BOSTON — The Barth Syndrome Foundation (BSF) has expressed deep frustration following the U.S. Food and Drug Administration’s (FDA) latest update on elamipretide, a potential treatment for Barth syndrome, an ultra-rare and life-threatening genetic disorder. Despite a favorable advisory committee vote last year, the agency has declined to approve the drug’s current application, prompting outrage from families and advocates.
The FDA recently informed Stealth BioTherapeutics, the drug’s developer, that it would not approve the existing application for elamipretide. However, for the first time, the agency provided a written outline of a potential path to accelerated approval, citing data that shows a more than 45 percent improvement in muscle strength among patients and its correlation with increased physical function.
Emily Milligan, executive director of the Barth Syndrome Foundation, called the delay unacceptable. “It’s unconscionable that it now will take even longer for the FDA to rule on this drug for our very small population with no other specific therapies,” she said. “We need FDA leadership to take strong, decisive action and put an end to the hemming and hawing. This literally translates into life, death and better lives for our children.”
Barth syndrome, which primarily affects males, currently has no FDA-approved treatments and no other therapies in late-stage development. Clinical studies have shown elamipretide’s potential to improve mitochondrial and heart function significantly. Many patients in the initial clinical trial have continued treatment for more than eight years with ongoing benefits, and numerous others, including critically ill infants, have received the drug under emergency access provisions approved by the FDA.
Despite a 10-6 positive vote by the FDA’s Cardiovascular and Renal Drugs Advisory Committee in October 2023 and a strong safety record, the agency has not moved forward with approval. Approximately 20 percent of U.S. patients with Barth syndrome are currently receiving elamipretide through an expanded access program.

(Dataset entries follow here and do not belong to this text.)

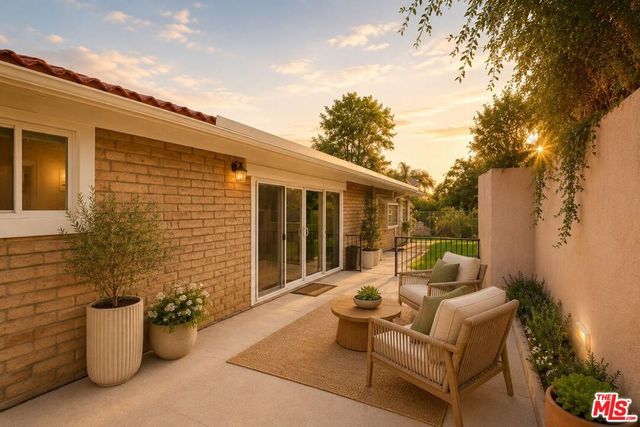 3160 Sepulveda Boulevard, Sherman Oaks, CA 91403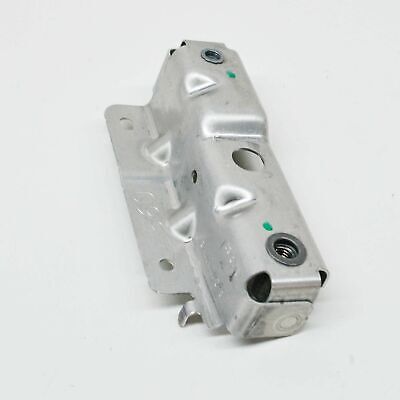 LR116370 - ÖN ÇAMURLUK ALT BRAKETİ SAĞ (VELAR ) - Land Rover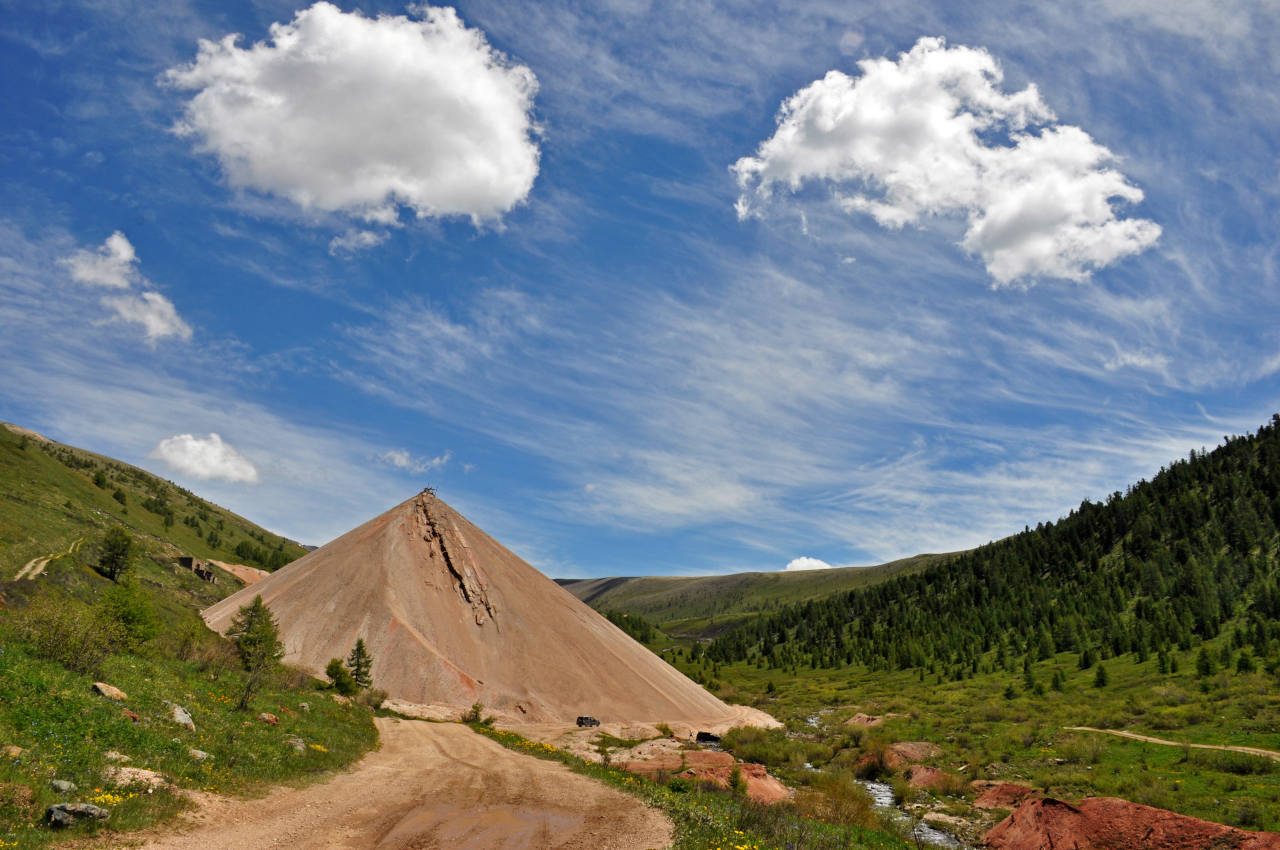 Долина реки Ярлы-Амры, image of landscape/habitat.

The FDA’s proposed regulatory path, however, excludes infants and the sickest patients—many of whom are currently receiving the drug. Over half of all deaths from Barth syndrome occur in the first few years of life, and Milligan criticized the FDA’s decision to leave these patients out of the approval plan, citing feasibility concerns around pre-approval studies.
“No safety concerns have been raised, and the agency acknowledged the difficulty of conducting traditional trials in a disease this rare,” said Milligan. “Still, families are left in limbo, waiting on a treatment that medical experts, patient experiences and common sense overwhelmingly support.”

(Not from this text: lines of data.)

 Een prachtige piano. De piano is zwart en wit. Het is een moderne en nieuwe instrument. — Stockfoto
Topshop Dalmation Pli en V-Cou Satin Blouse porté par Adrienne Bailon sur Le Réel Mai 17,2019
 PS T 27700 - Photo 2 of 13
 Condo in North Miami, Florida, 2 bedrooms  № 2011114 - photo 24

The push for FDA approval has garnered widespread support. More than 50 medical professionals and nearly 20,000 individuals worldwide have signed letters and petitions urging immediate approval of elamipretide. Advocates argue that with no alternatives available, the prolonged inaction is costing lives.
“With no approved therapies and limited access to treatment, every day of inaction carries a devastating cost,” said Milligan. “The FDA made a promise to our community—to conduct a fair, thorough and equitable review of elamipretide through the advisory committee process. That promise remains unfulfilled.”